Valerie Gordon Garcia
McMurtry must have loved that typewriter. He typed most, if not all, of his stories on it. The Hermes 3000 sat on his writing desk with stacks of typing paper alongside it.  He was an avid reader who kept books in every room of his house.

“He has, like, this private library, which is out behind his house where he has all kinds of rare books,” Rodrigue said. “One of my favorite memories of Larry is when we’d be in town for that class, he’d leave the bookstore open all night and we got to tour his family home where he wrote Lonesome Dove.”

McMurtry’s beloved bookstore made the perfect setting to capture the McMurtry myth, sometimes as he stocked books. The warehouse-like space made a nice escape for bookworms who often traveled to catch a glimpse of the author.
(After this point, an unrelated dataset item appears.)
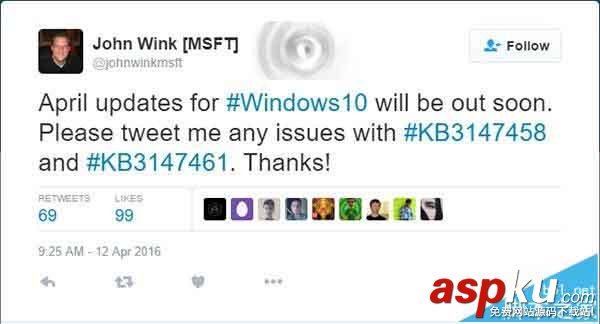 KB3147461,KB3147458,Win10升級,Win10正式版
Sarah Ruth Alexander, a Denton artist who's made many day trips to Booked Up, recalled meeting McMurtry one time she was there.

“I talked to him, and somehow we ended up talking about Ranchman in Ponder, a steakhouse,” Alexander said. “And I didn’t want to bother him but talk to him for a second. He was just working and putting books away. He was approachable and didn’t seem curmudgeonly at all.”

McMurtry once described Archer City, where he got his greatest work done, as a “bookless part of a bookless state.” He made sure books would live on, along with his legacy, in that bookless land.

“He was so open, a shock after hearing how particular he could be,” Wray said. “He was what you would hope he would be. We were book people, and he liked book people.”